Simulations to investigate new Intermittent Preventive Therapy Dosing Regimens for Dihydroartemisinin-Piperaquine
Jesmin Permala(1), Joel Tarning(2, 3), François Nosten(2, 3, 4), Mats O. Karlsson(1),Nicholas J. White(2, 3), Martin Bergstrand(1)
(1) Department of Pharmaceutical Biosciences, Uppsala University, Uppsala, Sweden (2) Mahidol-Oxford Tropical Medicine Research Unit, Faculty of Tropical Medicine, Mahidol University, Bangkok, Thailand (3) Centre for Tropical Medicine, Nuffield Department of Clinical Medicine, University of Oxford, Oxford, UK (4) Shoklo Malaria Research Unit (SMRU), Mae Sod, Thailand
Objectives: A fix combination of dihydroartemisinin (DHA)-piperaquine (PQ) has been suggested as a new alternative for Intermittent Preventive Therapy (IPT) in response to the emergence of resistance to other treatment alternatives [1]. This project aim to explore alternative dosing regimens for DHA-PQ to those studied in clinical trials by the application of simulations with a PKPD model.
Methods: A time-to-event model characterizing the concentration-effect relationship for the malaria preventive effect of DHA-PQ has been developed [2-3] in application to a study of 1000 healthy male subjects in Northern Thailand [1]. The clinical trial featured treatment regimens with DHA-PQ dosing on three consecutive days repeated every month or every second month. Simulations based on the PKPD model have been used to compare the clinical utility of these regimens to novel regimens primarily based on once weekly dosing. The benefit of an initial loading dose strategy was investigated both for monthly and weekly dosing regimens. All scenarios were simulated under the assumption of different levels and patterns of treatment compliance (100%, 80% and 60%). All simulations were carried out using the software Berkeley Madonna.

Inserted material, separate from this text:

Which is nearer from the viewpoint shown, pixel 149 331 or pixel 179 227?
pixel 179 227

Results: Assuming perfect compliance a weekly dosing regimen with an initial 3 day loading dose session was predicted to result in a yearly malaria incidence of less than 1 %, compared to approximately 3% for the once monthly dosing regimen and 52% for placebo. Assuming on average 80% compliance the weekly dosing regimen maintained the incidence below 1% whereas the incidence for a monthly regimen would increase to 8%. In case of very poor compliance (60%) the weekly dosing regimen was predicted to result in a 3% incidence compared to >15% for any monthly regimen.
Conclusions: Simulations with a PKPD model for the malaria preventive effect of DHA-PQ was useful in investigations of alternative dosing regimens. A novel weekly dosing regimen was indicated to outperform the previously suggested monthly regimen especially with regards to being less sensitive to poor compliance.
References:
[1] K. M. Lwin et al., Randomized, double-blind, placebo-controlled trial of monthly versus bimonthly dihydroartemisinin-piperaquine chemoprevention in adults at high risk of malaria. Antimicrobial Agents and Chemotherapy 56, 1571 (2012).
[2] M Bergstrand et al., Modeling of the concentration-effect relationship for piperaquine in preventive treatment of malaria. PAGE 2013 abstract.
[3] J. Tarning et al., Population pharmacokinetics of dihydroartemisinin and piperaquine in pregnant and nonpregnant women with uncomplicated malaria. Antimicrobial Agents and Chemotherapy 56, 1997 (2012).